• _Work to be completed_: The lines in the listing below are to be given again exactly, starting at the line holding "中药是如何治疗干燥综合征？" and ending at the line holding "Hypnogramme du sommeil". Do not include pictures.

─── Entries supplied

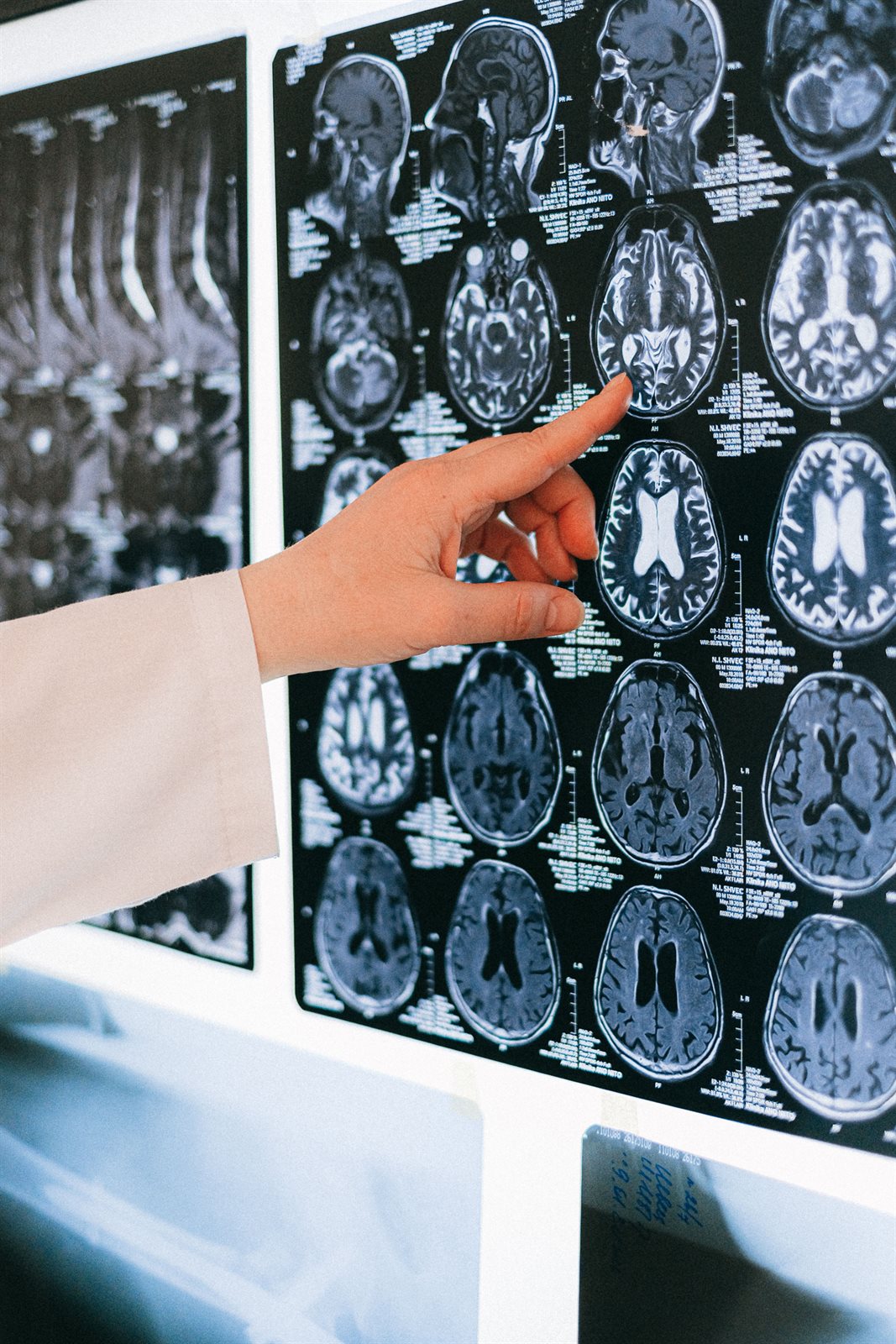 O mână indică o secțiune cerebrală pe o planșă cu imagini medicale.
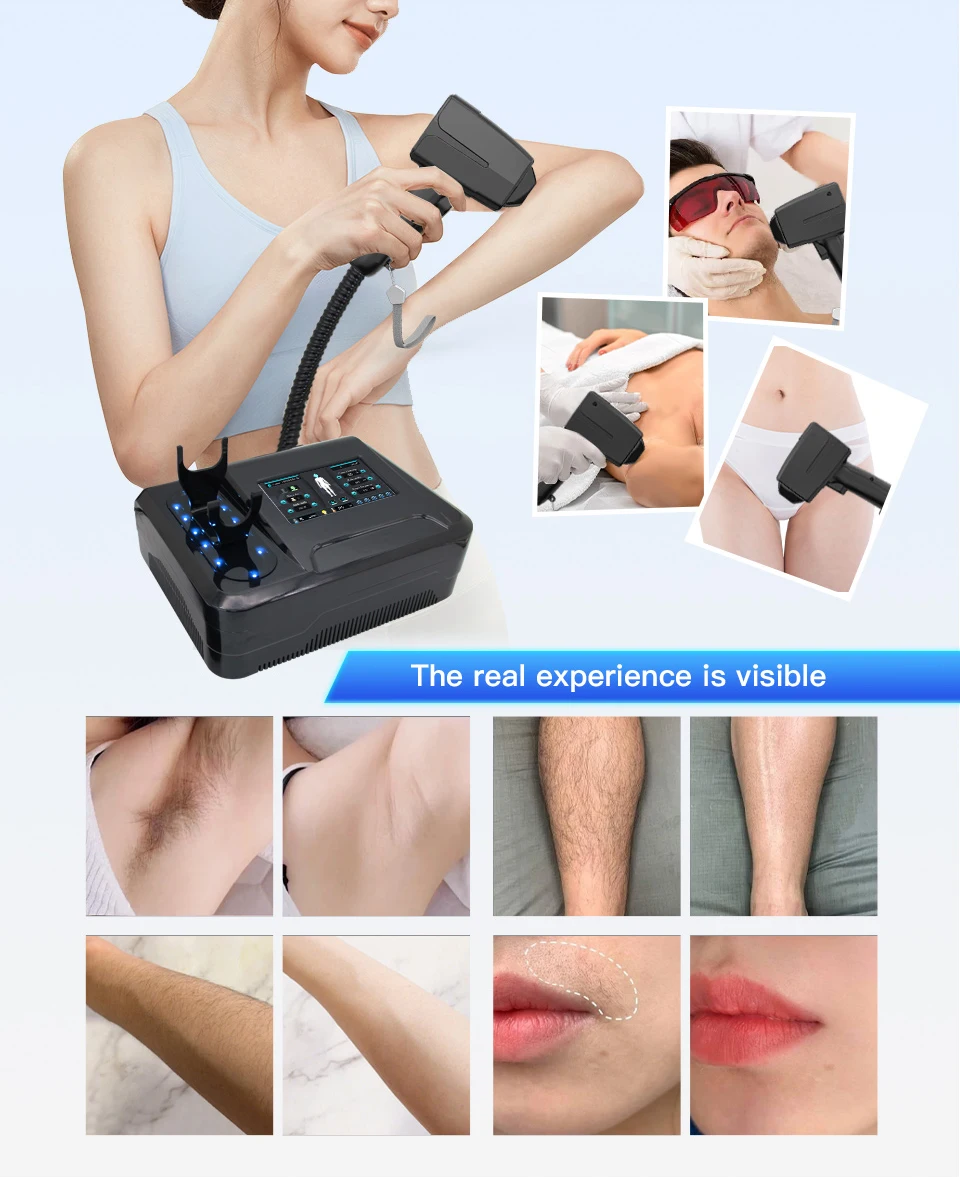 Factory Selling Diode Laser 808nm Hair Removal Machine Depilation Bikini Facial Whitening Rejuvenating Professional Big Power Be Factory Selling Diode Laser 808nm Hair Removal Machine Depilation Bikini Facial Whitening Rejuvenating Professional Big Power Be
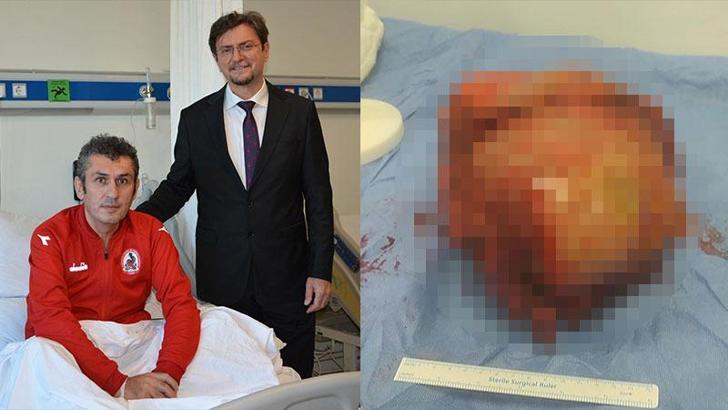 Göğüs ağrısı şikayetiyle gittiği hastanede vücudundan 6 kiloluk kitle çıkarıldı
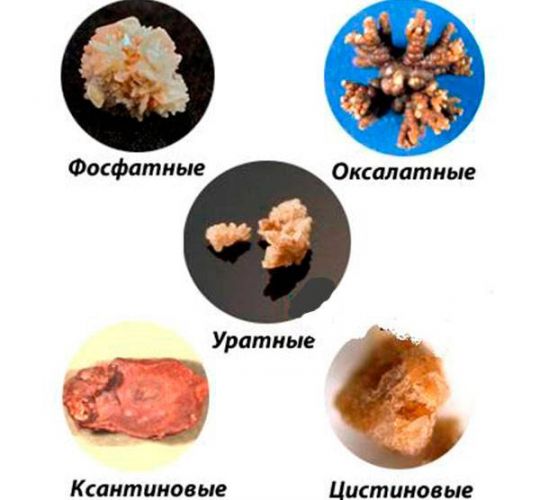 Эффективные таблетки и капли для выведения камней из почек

──────
─── Entries supplied

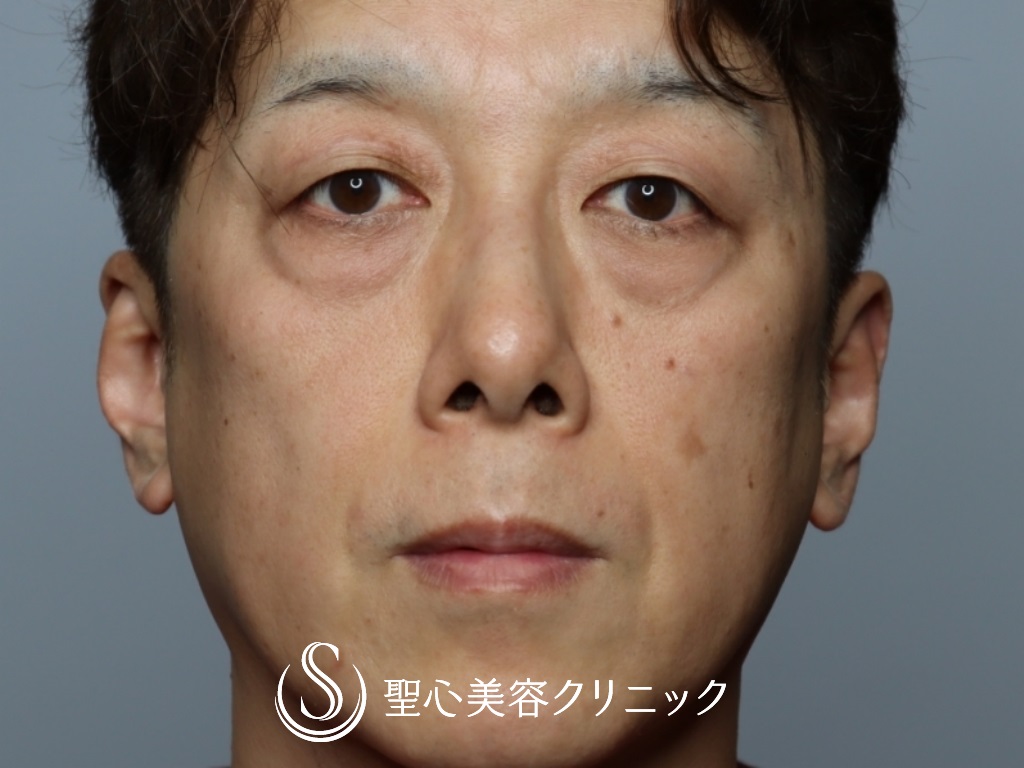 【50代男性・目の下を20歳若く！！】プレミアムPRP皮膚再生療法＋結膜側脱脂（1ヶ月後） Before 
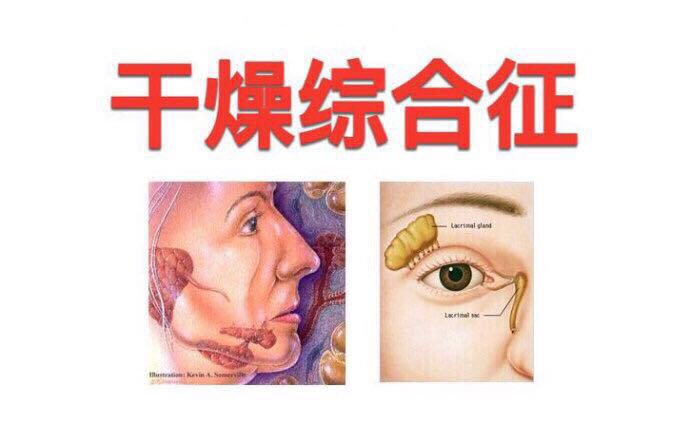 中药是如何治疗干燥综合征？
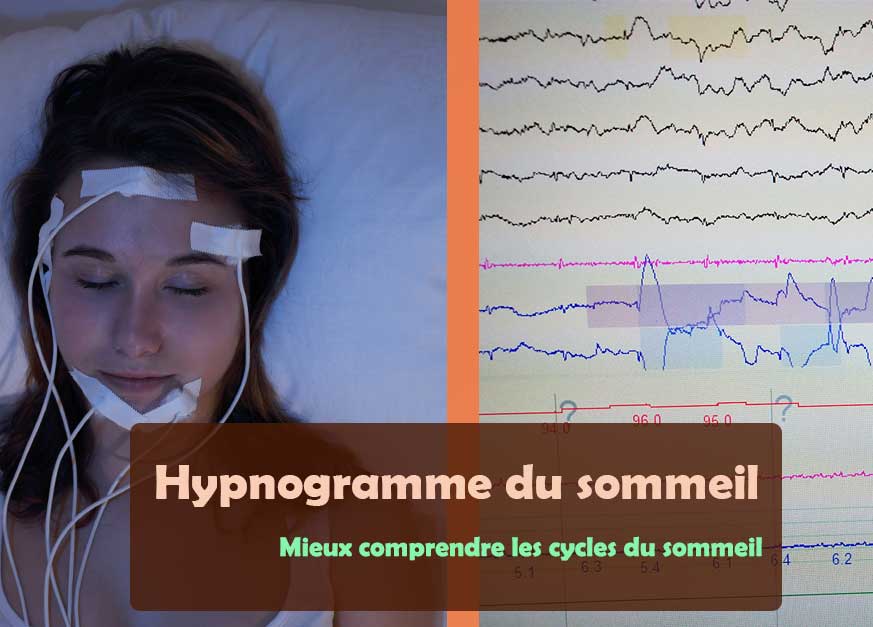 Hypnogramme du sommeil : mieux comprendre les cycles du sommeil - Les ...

──────

• _Exercise answer_:
 中药是如何治疗干燥综合征？
 Hypnogramme du sommeil : mieux comprendre les cycles du sommeil - Les ...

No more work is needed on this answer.